Here is a dining chair that I made from some hackberry we milled up. It is jointed with pegs and glue. It planed and finished quite well really...my first attempt at a chair, and there were a few hiccups but all in all turned out better than I expected. The hardest part was getting the back legs to be the same size/shape. I didn't have any thick enough stock to just cut one then split it, so I took two boards and tried cutting one out to use as a reference for the other on the router by clamping a rough cut piece to it, but the router would just gouge or cut at an angle, or the clamps would slip a little, or both. I ended up just winging it and getting it close with hand tools and sanding. I should have just clamped two boards together and taken it to the bandsaw and then filed them down.

Reactions: Like 8 | EyeCandy! 1 | Way Cool 9


----------



## T. Ben (Jul 11, 2020)

Looks great,good job.

Reactions: Like 1


----------



## DKMD (Jul 11, 2020)

Very cool! Love the coloring in that wood!

Reactions: Thank You! 1 | Agree 3


----------



## djg (Jul 12, 2020)

Looks Great. I haven't seen too many items made from Hackberry. Nice grain. I've got some boards but they don't have nearly the color of yours.

Reactions: Thank You! 1


----------



## Nature Man (Jul 12, 2020)

Wood is very attractive! Will you be making more chairs to try and match this one, I.e.., a set of dining chairs? Chuck

Reactions: Thank You! 1


----------



## Wildthings (Jul 12, 2020)

That is real nice!

Reactions: Thank You! 1


----------



## barry richardson (Jul 12, 2020)

Nice work! I like that design...

Reactions: Thank You! 1


----------



## Augray (Jul 12, 2020)

Nature Man said:


> Wood is very attractive! Will you be making more chairs to try and match this one, I.e.., a set of dining chairs? Chuck


Yes I am working on a second one to go with it, but this project put a pretty good dent in my current stock of hackberry so will have to wait for some more stock to dry out before making a set of four.

Reactions: Thank You! 1


----------



## Mike Hill (Jul 13, 2020)

That may be the best looking hackberry I have seen!

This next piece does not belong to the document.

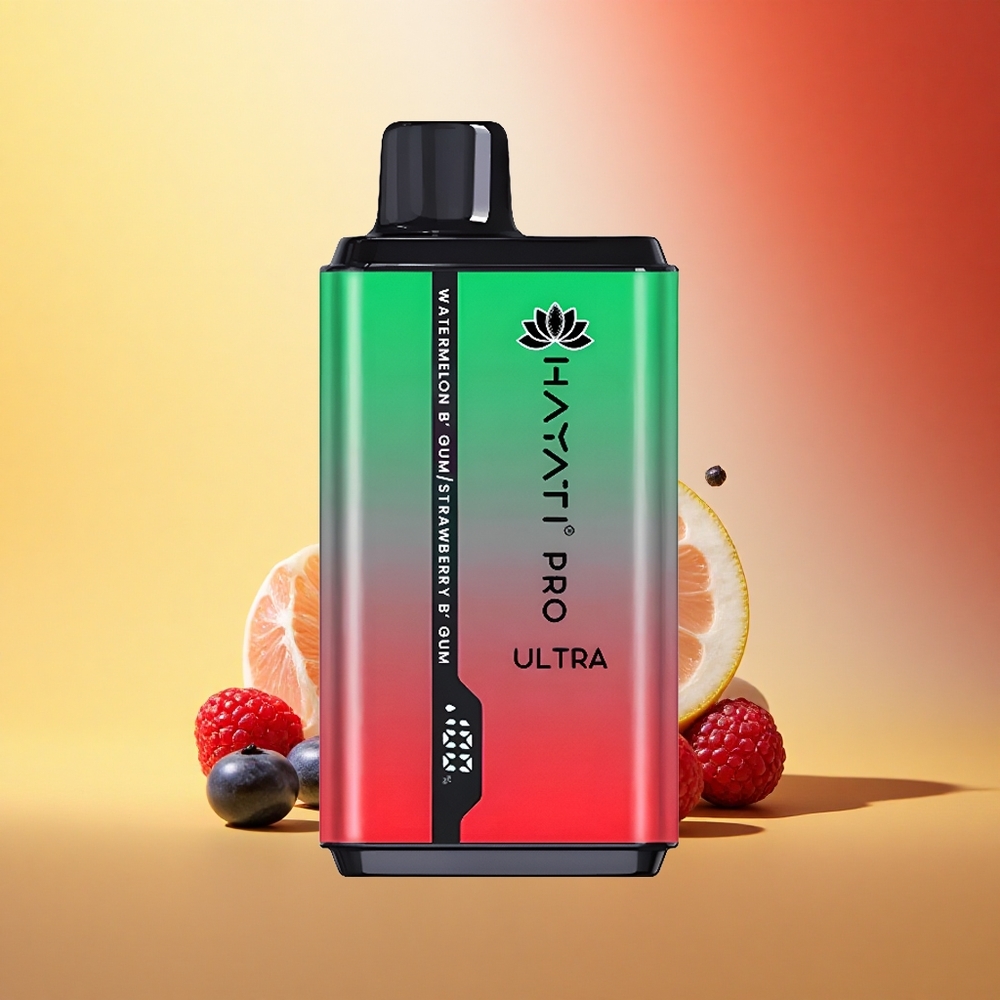 Hayati Pro Ultra 15000 Puffs Borova Malina Češnja Limona & Borova z 850mAh in 2% Nikotina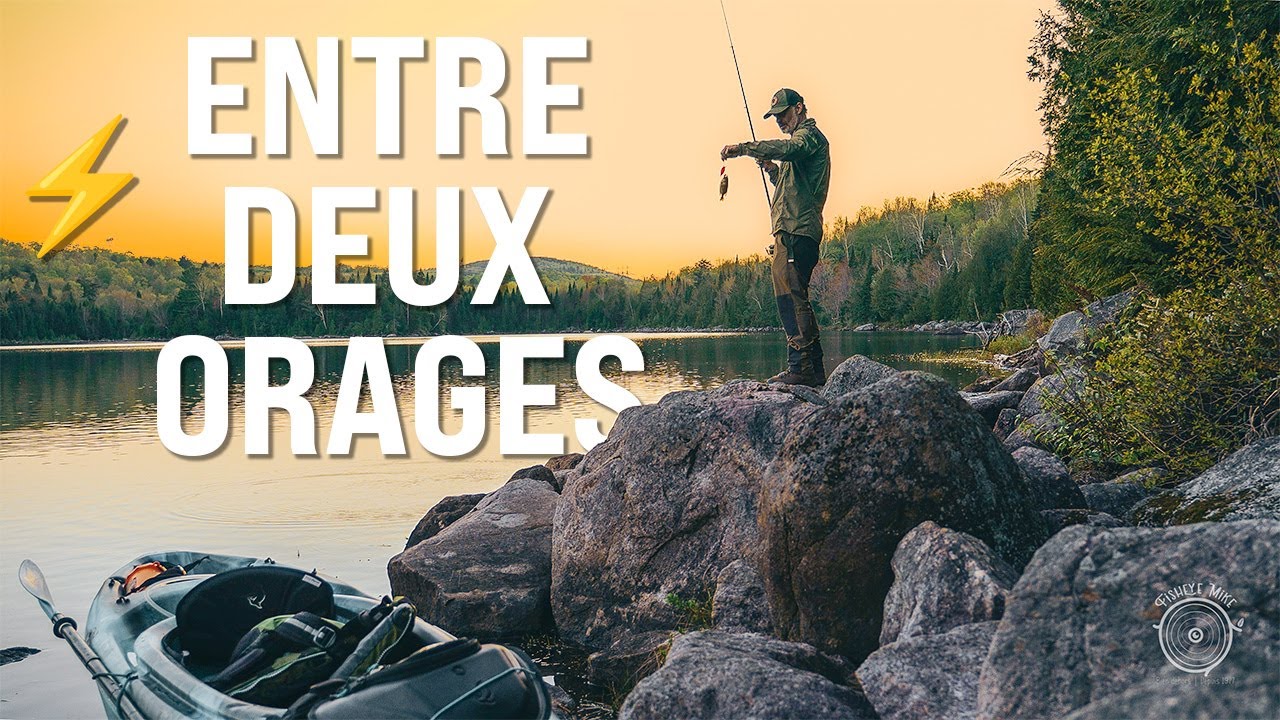 Entre Deux Orages 🌩️ | Bivouac en Tente Hamac & Pêche en Kayak sur un nouveau Lac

Reactions: Like 1 | Agree 1


----------



## Augray (Jul 27, 2020)

Hi y'all - the seat panels are starting to separate a bit, do you have any suggestions as to how to mitigate at this stage of the game? The wood was milled over a year ago and had been air drying ever since. They're joined with dowels and glue. I was thinking maybe some sort of cleats on the underside?


----------